How far are you with testing heat dissipation? AFAIK most of the chips are made bottom dissipated, this is done because high power chips are usually soldered on heatpad, so heat transfer through solder balls (or pads) is better bottom. Don't know if BM1384 is this case. Also, this can be seen on A1 chips or older BM chips... Different situation is with big-die chips, they are upside-down with direct or indirect contact to heatsink.
I thought that string design needs bigger capacitors closer to Vcore pins to bypass transients caused by chips current draw variation.
I am nowhere with testing heat dissipation. All I know is, every existing BM1384 miner uses heatsinks on the chip tops. I'm assuming the manufacturer knows what it's doing, and since the S5 seems to have no problem drawing 10W per chip out the top (and supplemented by airflow over the board with the aid of the side panels) I'm gonna assume it works that way until I have the setup to do direct testing.

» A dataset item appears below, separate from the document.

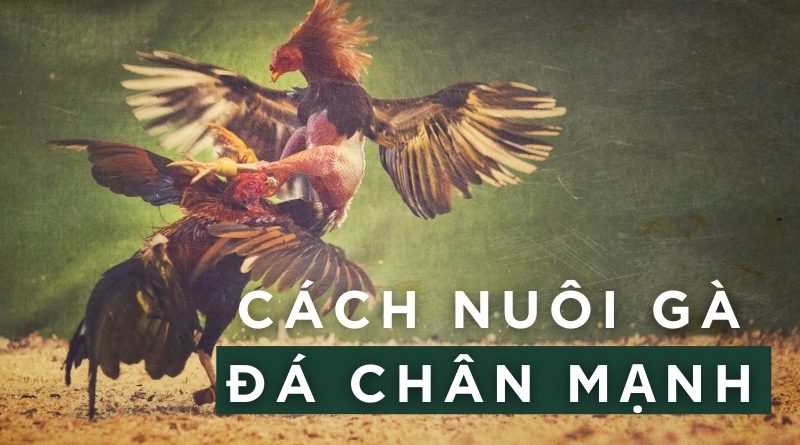 Kỹ thuật nuôi gà đá chân mạnh hiệu quả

String design does need large capacitors to buffer current transients (and therefore voltage transients) at a node level, and the S5 does have smaller caps immediately tied to the VDD pads probably to compensate for trace and lead inductance and ESR of the node-level caps. Keeping a constant node voltage and current is a stiffer requirement for string designs than for parallel VRM designs.
I used IR thermometer to check S5 chip temps and I discovered big difference between chips and also temp sensor. Chip variation is about 15 degrees, but diff between temp sensor and chip temp is up to 25C which shows high thermal resistance Rthjc and also imperfect heatsink mounting. I am sure small USB miner will not see such troubles.
I see that when one pair of chips draws less (and voltage increases) whole chain goes down. I've seen diode array which I guess is OV protection of each pair, do you plan to add this protection also or it is not necessary for 2 chips string? How about to add balancer like Li-Po batteries? Or simple capacitor divider? My S5 has voltage variation from 0.77V to 0.81V what makes it less efficient I think.